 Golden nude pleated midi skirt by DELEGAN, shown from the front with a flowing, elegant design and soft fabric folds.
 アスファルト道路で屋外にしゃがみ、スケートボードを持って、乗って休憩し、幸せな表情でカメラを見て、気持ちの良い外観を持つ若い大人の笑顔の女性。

--

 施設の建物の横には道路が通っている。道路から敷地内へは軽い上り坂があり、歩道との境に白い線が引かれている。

▸ **Problem requirements**:
The lines to extract from the data above begin with the line containing "Golden nude pleated" and end with the line containing "アスファルト道路で屋外にしゃ". Extract them exactly, including both.

▸ **Solution for this exercise**:
 Golden nude pleated midi skirt by DELEGAN, shown from the front with a flowing, elegant design and soft fabric folds.
 アスファルト道路で屋外にしゃがみ、スケートボードを持って、乗って休憩し、幸せな表情でカメラを見て、気持ちの良い外観を持つ若い大人の笑顔の女性。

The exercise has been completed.